Identity and Access Management (IAM) on AWS is a fundamental service that helps you securely manage access to AWS services and resources. It enables you to control who is authenticated (signed in) and authorized (has permissions) to use AWS resources. Here’s a breakdown of the core components and best practices:
🔑 Core Concepts of IAM
- Users
- Represents individual people or services.
- Associated with credentials (password, access keys).
- Should not be used for applications in production; use roles instead.
- Groups
- Collections of IAM users.
- You assign permissions to groups, and all users in the group inherit those permissions.
- Policies
- JSON documents that define permissions.
- Can be attached to users, groups, or roles.
- Types:
- Managed Policies (AWS-managed or customer-managed)
- Inline Policies (embedded directly into a single user, group, or role)
- Roles
- IAM identities that can be assumed by users, services, or applications.
- Ideal for granting temporary access.
- Common use cases:
- EC2 instances assuming roles
- Cross-account access
- Federation with external identity providers (SAML, OIDC)
- Identity Providers (IdPs)
- Allows federation with external identities like:
- Microsoft Active Directory
- Google Workspace
- Okta, Azure AD
- SAML 2.0 or OIDC-compatible IdPs
- Allows federation with external identities like:
- Temporary Security Credentials
- Provided via STS (Security Token Service)
- Enables short-lived access to AWS resources
🔐 Security Best Practices
- Use least privilege principle: Grant only the permissions needed.
- Enable MFA (Multi-Factor Authentication) for all users.
- Use roles for applications instead of hardcoding access keys.
- Rotate credentials regularly, especially access keys.
- Use IAM Access Analyzer to audit and validate permissions.
- Monitor with CloudTrail and AWS Config for changes in IAM.

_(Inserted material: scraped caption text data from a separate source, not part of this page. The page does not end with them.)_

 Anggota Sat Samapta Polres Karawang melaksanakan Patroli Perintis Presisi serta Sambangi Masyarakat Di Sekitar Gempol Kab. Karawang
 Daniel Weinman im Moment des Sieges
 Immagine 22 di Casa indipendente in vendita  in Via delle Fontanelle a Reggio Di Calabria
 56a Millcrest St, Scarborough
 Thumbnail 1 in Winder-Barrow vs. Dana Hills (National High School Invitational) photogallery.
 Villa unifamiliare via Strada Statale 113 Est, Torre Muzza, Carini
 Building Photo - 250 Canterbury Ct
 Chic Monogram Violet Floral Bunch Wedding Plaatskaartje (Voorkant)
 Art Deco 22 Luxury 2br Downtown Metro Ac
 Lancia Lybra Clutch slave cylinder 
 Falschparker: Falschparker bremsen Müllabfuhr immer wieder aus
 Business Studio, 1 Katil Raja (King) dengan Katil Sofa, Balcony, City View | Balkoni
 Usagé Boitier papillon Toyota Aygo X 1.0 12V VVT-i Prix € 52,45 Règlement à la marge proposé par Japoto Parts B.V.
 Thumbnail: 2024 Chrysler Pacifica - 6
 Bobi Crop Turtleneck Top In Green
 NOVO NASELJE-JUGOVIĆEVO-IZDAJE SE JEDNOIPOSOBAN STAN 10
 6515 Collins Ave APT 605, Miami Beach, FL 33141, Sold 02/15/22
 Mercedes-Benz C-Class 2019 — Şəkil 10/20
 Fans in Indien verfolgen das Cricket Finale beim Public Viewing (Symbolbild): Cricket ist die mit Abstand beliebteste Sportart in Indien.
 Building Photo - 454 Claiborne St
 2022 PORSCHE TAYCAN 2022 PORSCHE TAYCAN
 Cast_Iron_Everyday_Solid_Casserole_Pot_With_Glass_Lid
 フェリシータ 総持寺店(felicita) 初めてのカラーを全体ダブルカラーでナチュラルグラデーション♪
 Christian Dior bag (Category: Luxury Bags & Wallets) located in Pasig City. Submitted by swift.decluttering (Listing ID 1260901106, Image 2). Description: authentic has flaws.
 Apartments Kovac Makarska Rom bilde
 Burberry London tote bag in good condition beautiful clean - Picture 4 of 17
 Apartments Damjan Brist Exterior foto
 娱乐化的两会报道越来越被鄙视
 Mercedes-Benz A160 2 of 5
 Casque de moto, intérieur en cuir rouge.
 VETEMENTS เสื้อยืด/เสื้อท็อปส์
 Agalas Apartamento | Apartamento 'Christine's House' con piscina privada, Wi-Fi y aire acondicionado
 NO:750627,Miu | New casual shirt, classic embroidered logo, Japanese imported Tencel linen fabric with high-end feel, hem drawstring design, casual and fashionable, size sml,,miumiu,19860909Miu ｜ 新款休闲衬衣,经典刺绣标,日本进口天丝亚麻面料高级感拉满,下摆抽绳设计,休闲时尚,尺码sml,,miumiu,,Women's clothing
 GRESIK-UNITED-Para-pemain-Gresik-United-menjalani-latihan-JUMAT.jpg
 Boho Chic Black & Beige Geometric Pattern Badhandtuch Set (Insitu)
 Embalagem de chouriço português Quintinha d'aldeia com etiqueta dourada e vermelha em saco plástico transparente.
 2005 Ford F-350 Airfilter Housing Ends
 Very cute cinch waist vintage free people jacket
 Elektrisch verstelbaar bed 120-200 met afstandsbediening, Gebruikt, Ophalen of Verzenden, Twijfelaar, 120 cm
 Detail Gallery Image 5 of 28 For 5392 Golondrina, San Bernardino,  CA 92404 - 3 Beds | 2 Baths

- Avoid root account for daily tasks; use it only for initial setup and create IAM users or roles afterward.
⚙️ Advanced IAM Features
- Service Control Policies (SCPs): Part of AWS Organizations; restrict what actions accounts within an organization can perform.
- Permission Boundaries: Limit the maximum permissions an IAM user or role can have.
- IAM Conditions: Allow fine-grained access control (e.g., only from certain IPs, using MFA, or during a specific time).
- Attribute-Based Access Control (ABAC): Grant permissions based on tags.
🚀 Common Use Cases
- Assigning a role to an EC2 instance to access S3 without access keys.
- Using Cognito with IAM roles for federated mobile app authentication.
- Setting up cross-account access between dev and prod environments.
- Enforcing security policies across accounts with SCPs in Organizations.